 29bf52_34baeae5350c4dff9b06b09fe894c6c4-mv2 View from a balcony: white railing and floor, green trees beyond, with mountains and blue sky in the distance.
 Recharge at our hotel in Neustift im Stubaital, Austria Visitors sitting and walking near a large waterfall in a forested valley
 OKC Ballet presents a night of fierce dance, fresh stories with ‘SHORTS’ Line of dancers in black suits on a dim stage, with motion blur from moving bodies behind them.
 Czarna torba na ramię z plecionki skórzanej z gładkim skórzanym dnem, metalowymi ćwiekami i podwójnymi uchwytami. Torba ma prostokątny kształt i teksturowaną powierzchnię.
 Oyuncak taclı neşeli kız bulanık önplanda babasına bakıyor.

··········

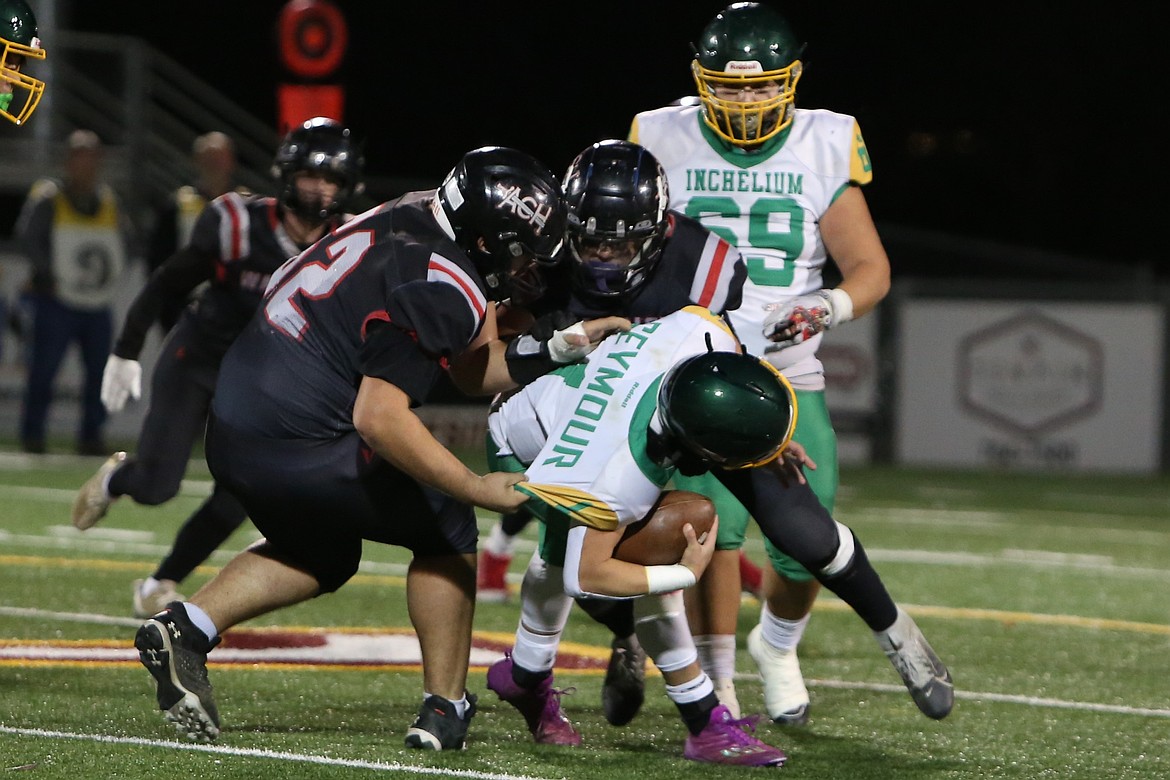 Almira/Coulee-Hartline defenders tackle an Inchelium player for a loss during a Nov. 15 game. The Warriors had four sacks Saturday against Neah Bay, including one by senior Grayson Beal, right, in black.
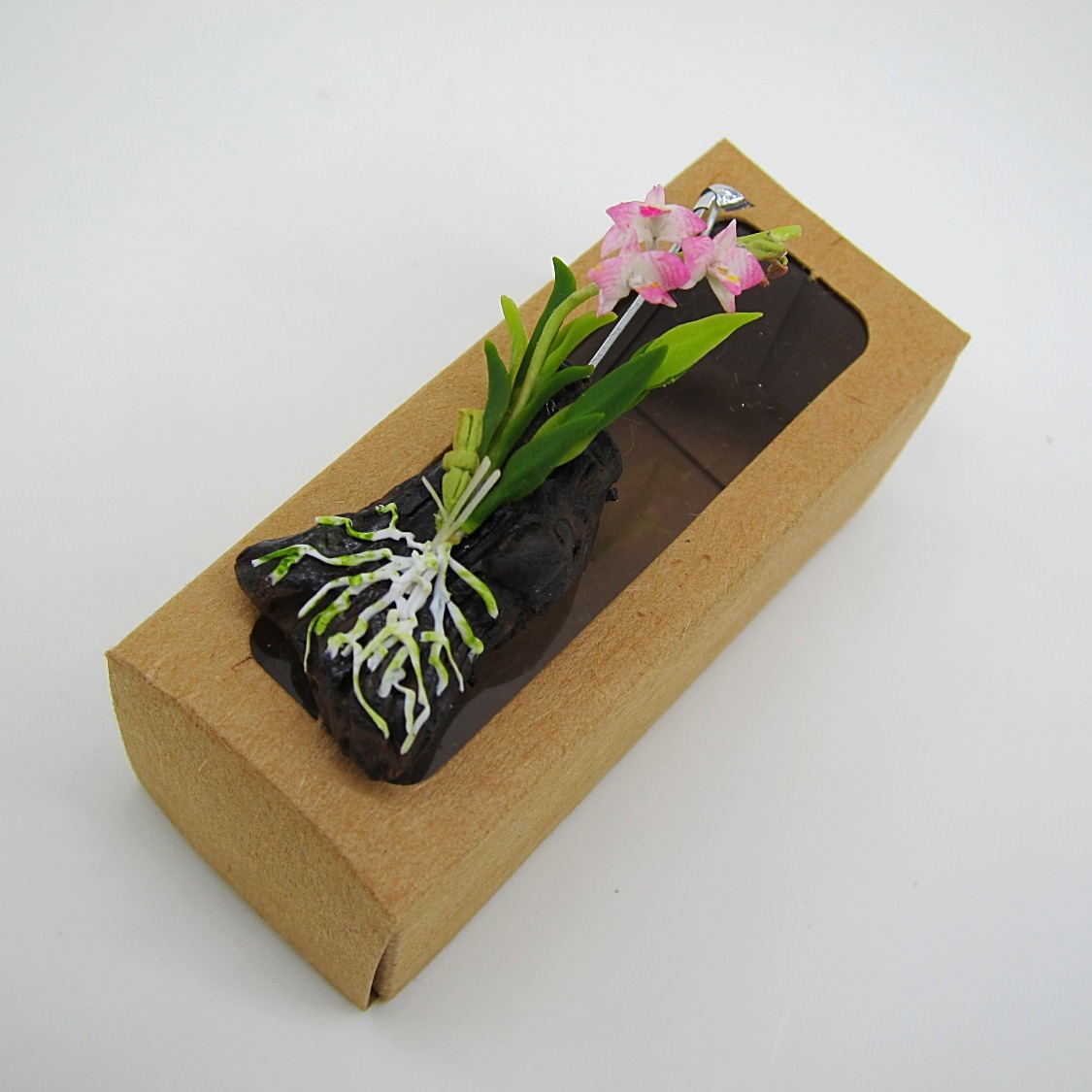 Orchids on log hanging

··········

### Description of the task:
In the entries above, please find the line with "29bf52_34baeae5350c4dff9b06b09fe894c6c4-mv2 View from" and the line with "OKC Ballet presents", then write out exactly those two lines and every line between them, and nothing more.

### Answer to this exercise:
 29bf52_34baeae5350c4dff9b06b09fe894c6c4-mv2 View from a balcony: white railing and floor, green trees beyond, with mountains and blue sky in the distance.
 Recharge at our hotel in Neustift im Stubaital, Austria Visitors sitting and walking near a large waterfall in a forested valley
 OKC Ballet presents a night of fierce dance, fresh stories with ‘SHORTS’ Line of dancers in black suits on a dim stage, with motion blur from moving bodies behind them.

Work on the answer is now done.